Using a T-chart to Create Your Resume

You’ve written a resume to function as your general communication tool and to post in resume databases, but to get the results you want, you’ll want to customize your resume to each particular open job. This is probably the best advice we can give you, but also the advice that job seekers are most likely to ignore. Why do people choose not to customize their resumes?

  1. It's a lot of work
  2. They're not sure how to do it

There is a simple tool called a "T-chart" to help with the process. It’s still a lot of work, but much less so when you know what you’re doing. You can take a piece of paper and divide it in half to make two columns that resemble the letter "T". T-charts are a great way to brainstorm your suitability for the job and to prepare for an interview.

The T-chart’s purpose is to highlight your skills and background that would be a match for the position. The goal is for the recruiter or manager to read your resume and think, "That’s exactly who we’re looking for!"

Let’s walk through the exercise together. First, find a job posting that you are interested in – it can be anything from a few lines long to an extensive job description.

The above position description is pretty short, but even scant details can turn into a great resume.

On the left-hand side of the page, copy the statements from the job posting in short pieces. Next, it’s time to brainstorm your background to match. On the right hand side of the page, write short, action-oriented statements that highlight something in your experience that may relate to the qualities or experience listed on the left-hand column. If you can use words or phrases from the job posting or company information, that would be preferable.

You likely won’t have a corresponding experience for every entry, but brainstorm as many as you can. Be as specific as possible, use numbers when you can, and focus on the results that you achieved.

Next, we’ll translate the T-chart into a customized resume that fits the job perfectly. We’ll start with our standard resume and begin with the Experience section. In general, we leave the first bullet point under each company name as is since we’re using that one to describe the company and provide details about our role there. That will usually stay the same.
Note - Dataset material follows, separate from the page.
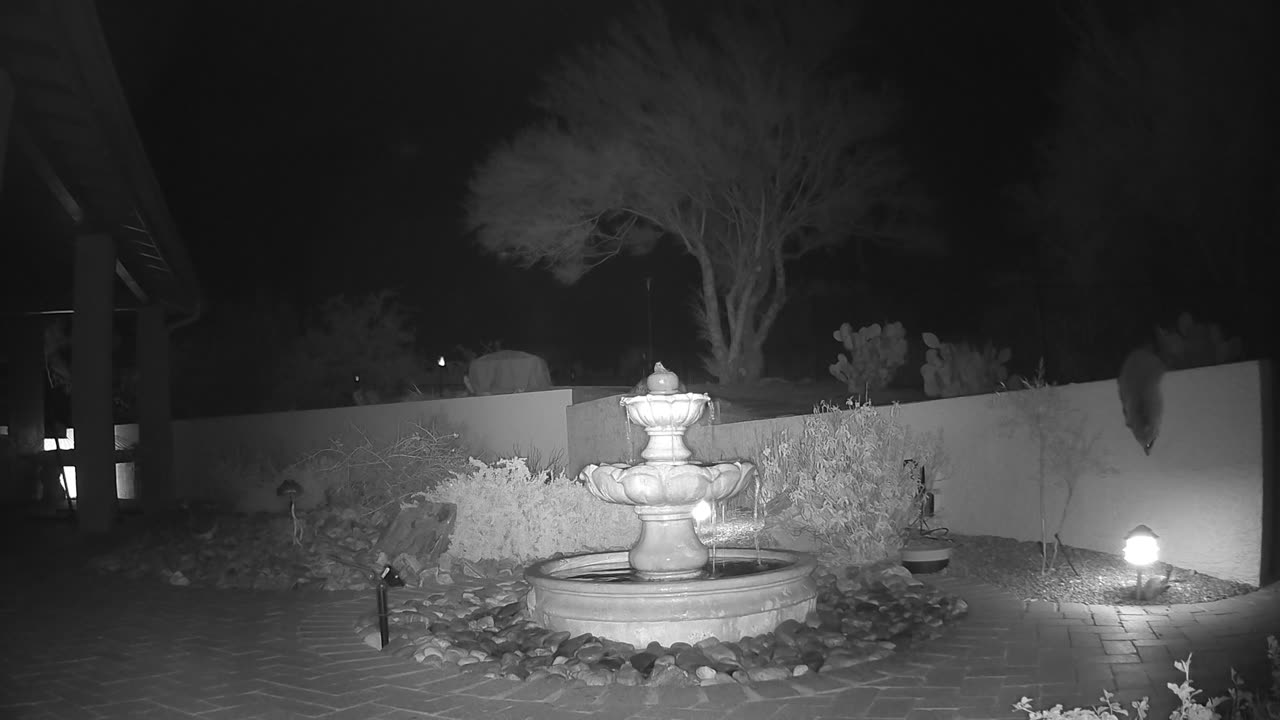 Racoon Family at The Fountain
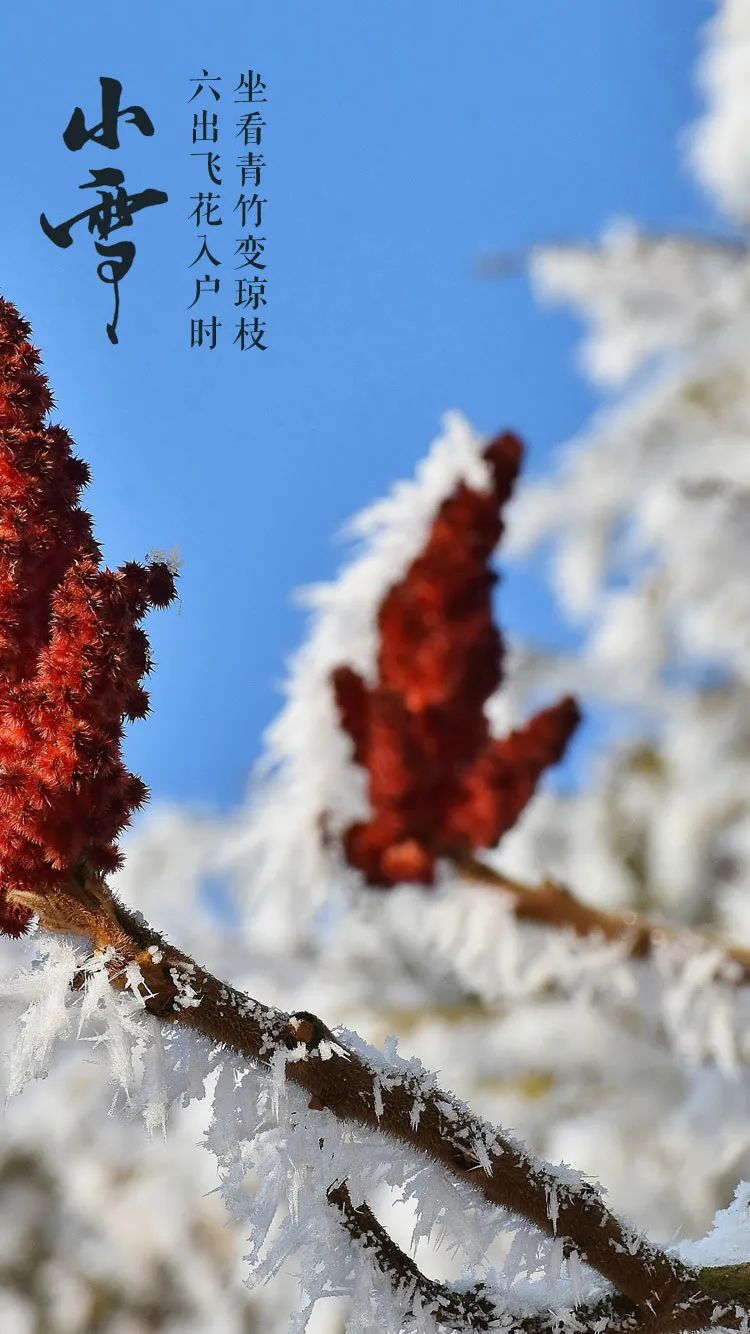 「美文美图」小雪，在最美的诗词里，遇见最美的小雪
Let’s look at the other bullet points next.

With the T-chart, we can pick a few statements to replace, modify, or add skills in this resume based on the job description and the ideal candidate. Afterward, the resume will look like this:

It’s not easy, but the likelihood that you will make a connection with the employer just significantly increased. You’re using the same language and you’ve positioned yourself as a person who can help solve their problems.

Make no mistake, T-charts take some effort to create. However, they’re a proven method to get calls for interviews by emphasizing the match between your background and the open job position. In addition, it can serve as a cheat sheet you can use at the interview that summarizes why you are qualified and a great fit for the position!